Meslekte kazanma gücünün %10 ile %99,9 arasında kaybedilmesi halinde işçiye, sürekli kısmi iş göremezlik geliri bağlanır. Eğer işçi meslekte kazanma gücünün %100’ ünü kaybetmişse sürekli tam iş göremezlik geliri bağlanır ve aylık gelirinin %70’i oranında hesaplanır. Ancak işçi başkasının bakımına muhtaç ise bu gelir aylık kazancının %100 oranında hesaplanır.
Sürekli iş göremezlik geliri bağlanan işçinin işinden ayrılmasına gerek yoktur, tedavisinin bittiği hekim tarafından rapor edildikten sonra çalışmaya devam edebilir.
Sürekli iş göremezlik ödeneği bağlanan işçinin malullük oranında artış olduğu takdirde verilen ödenek yeniden hesaplanır. Ancak yapılan kontroller sonucu malullük oranının sürekli iş göremezlik ödeneği bağlanmasını gerektiren sınırın altında kaldığı tespit edilirse ödenek kesilmektedir.
Malul ve Malullük Aylığı Nedir?
Çalışma gücünün veya iş kazası sonucu, meslekte kazanma gücünün %60’ını kaybettiği Kurum Sağlık Kurullarınca tespit edilen işçiye “malul” denir. Kurumca yetkilendirilmiş sağlık kuruluşlarındaki kurullar tarafından düzenlenen raporlara dayanarak çalışamayacak durumda malul olduğu tespit edilen işçiye bağlanan aylığa ise malullük aylığı denilmektedir. Düzenlenen rapora göre çalışma gücünün %60’ını kaybetmediği belirtilerek malul sayılmayan sigortalı bu karara karşı Yüksek Sağlık Kurulu nezdinde itiraz edebilir. Yüksek Sağlık Kurulunun kararına karşı yargı yolu açıktır.
Malullük Aylığı Bağlanmasının Şartları Nelerdir?

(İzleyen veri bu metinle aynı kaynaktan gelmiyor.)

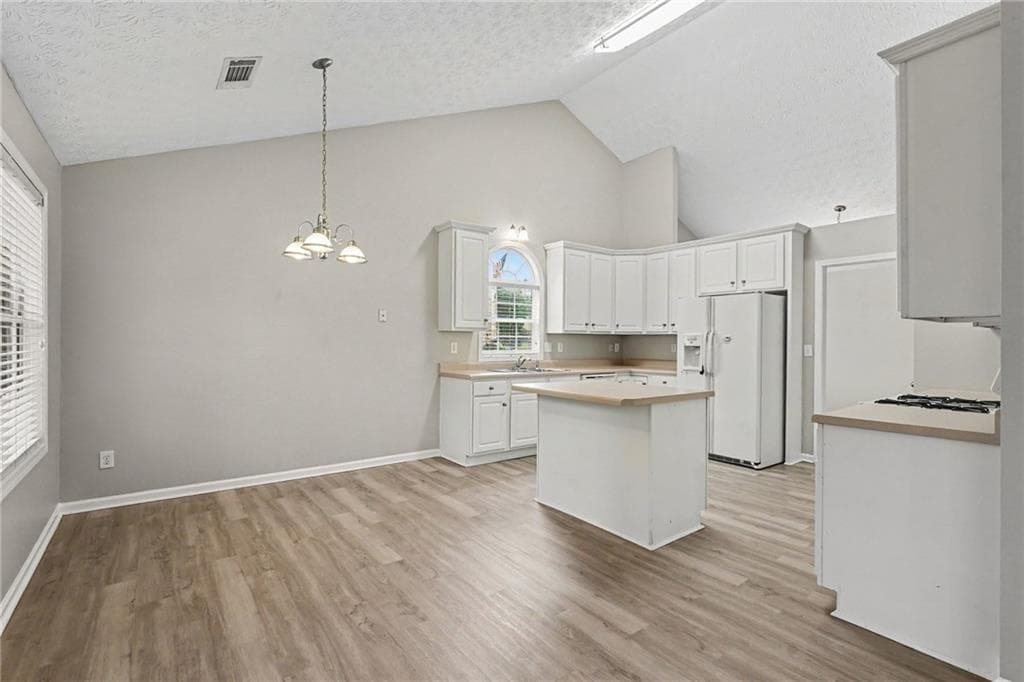 3 bedroom, 2 bathroom, 2,463 sq ft single family residence under contract at 984 Natural Brook Trail, Lawrenceville, GA 30045 — photo 10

Malul sayılan sigortalıların malullük aylığından faydalanabilmeleri için;
- İşçinin en az 10 yıldır sigortalı olması ve toplamda 1800 gün uzun vadeli sigorta kolları primi ödemiş olması gerekir.
- Sigortalı işçinin başka birinin bakıma muhtaç olduğu durumlarda ise 10 yıldır sigortalı olma şartı aranmaz, ancak 1800 gün prim ödemiş olması gerekir.
- Maluliyeti nedeniyle sigortalı olarak çalıştığı işten ayrılması, faaliyetine son verilmesi ve görevinden ayrılmış olması gerekmektedir.
Malullük Oranının Değişmesi Durumunda Malullük Aylığı Ne Olur?
Sağlık kontrolleri, sağlık kurulunca ihtiyaç duyulması halinde ya da sigortalının kendisinin veya hak sahiplerinin itirazları sonucunda yapılır. Yapılan kontrol muayenesi sonucu düzenlenen raporda;
- İşçinin maluliyet hali devam ediyorsa malullük aylığı almaya devam eder.
- İşçinin maluliyet halinde değişme olduğu tespit edildiği takdirde yeni duruma göre malullük aylığı hesaplanır.
İşçinin çalışma gücünün ya da meslekte kazanma gücünün kayıp oranı %60’ın altına düştüğü tespit edildiği takdirde ise malullük aylığı kesilmektedir.
İş Kazası Geçirdim Tazminat Alabilir miyim?
İşverenin gerekli iş sağlığı ve güvenliği önlemleri almaması nedeniyle meydana gelen iş kazası ve meslek hastalığı nedeniyle işverenin tazminat sorumluluğu ortaya çıkar. Bu nedenle iş kazası nedeniyle maddi ve manevi zarara uğrayan işçinin tazminat davası açma hakkı bulunmaktadır.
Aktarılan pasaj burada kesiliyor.